This word analyser will takes a file as input and will analyse the words it contains and produce some metrics as output.
For example, given the following text:
Hello world & good morning. The date is 18/05/2016
the following output will be produced:
Word count = 9
Average word length = 4.556
Number of words of length 1 is 1
Number of words of length 2 is 1
Number of words of length 3 is 1
Number of words of length 4 is 2
Number of words of length 5 is 2
Number of words of length 7 is 1
Number of words of length 10 is 1
The most frequently occurring word length is 2, for word lengths of 4 & 5
The client provided no guidance on what constitutes a word so in current implementation, StandardWordAnalyser, a word is one or more characters seperated by one or more whitespace characters.
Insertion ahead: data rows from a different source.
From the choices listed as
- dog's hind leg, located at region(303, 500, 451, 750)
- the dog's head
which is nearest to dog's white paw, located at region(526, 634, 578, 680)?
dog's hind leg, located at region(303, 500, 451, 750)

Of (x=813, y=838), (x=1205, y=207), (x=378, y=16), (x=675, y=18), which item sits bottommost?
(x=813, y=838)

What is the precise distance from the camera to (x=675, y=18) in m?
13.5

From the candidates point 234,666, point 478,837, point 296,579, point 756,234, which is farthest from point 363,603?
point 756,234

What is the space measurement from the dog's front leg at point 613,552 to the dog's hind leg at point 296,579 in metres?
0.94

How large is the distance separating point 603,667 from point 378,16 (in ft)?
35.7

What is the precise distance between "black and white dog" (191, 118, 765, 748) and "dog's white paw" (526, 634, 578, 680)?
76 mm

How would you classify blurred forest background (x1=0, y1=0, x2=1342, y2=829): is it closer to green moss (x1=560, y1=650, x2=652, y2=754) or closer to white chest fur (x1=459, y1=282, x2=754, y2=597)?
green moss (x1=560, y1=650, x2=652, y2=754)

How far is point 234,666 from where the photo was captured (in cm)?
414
These include spaces, tabs, new lines etc and can be denoted by thje following regular expression:
[\t\n\x0B\f\r]
Note that formatted numbers are not counted as words.
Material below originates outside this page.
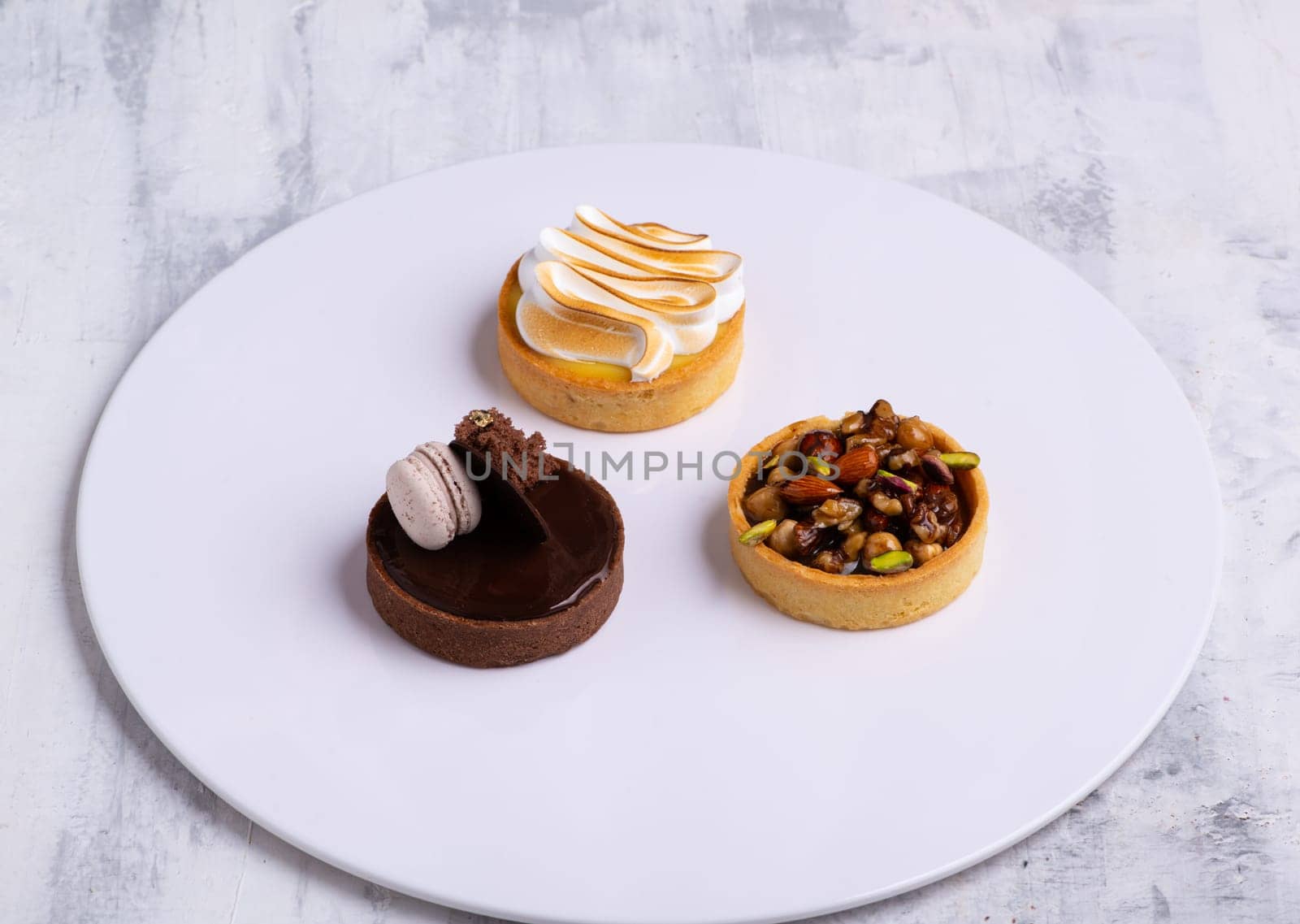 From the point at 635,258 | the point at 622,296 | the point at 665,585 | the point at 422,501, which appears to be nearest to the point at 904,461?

The client provided no indication of any punctuation that should be removed. There is one clue in the example though. The word morning. (including the period) is 8 characters. In the output there is no 8 character word analysed. We can infur that a period is stripped prior to analysis.
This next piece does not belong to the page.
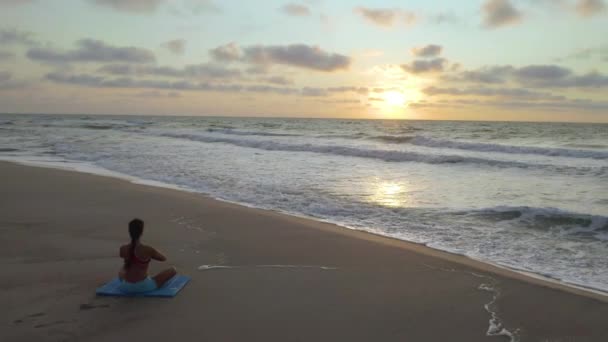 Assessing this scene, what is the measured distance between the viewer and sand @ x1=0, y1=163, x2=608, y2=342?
3.92 meters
Given this, the following other punctuation characters (via a regex) are removed prior to analysis:
[-+.^:?,=()]
The maven build uses the Maven Wrapper so that the build will always be executed with the correct version and installed if necessary. This simplfies and makes builds more consistent across machines.
First clone this repository and cd into the project directory, then build using (Linux/Mac):
./mvnw clean install
or (Windows)
mvnw.cmd clean install
A normal Maven build will be executed with the one important change that if the user doesn't have the necessary version of Maven specified in .mvn/wrapper/maven-wrapper.properties
it will be downloaded for the user first, installed and then used.
The client did not specify guidance on how the program should be run.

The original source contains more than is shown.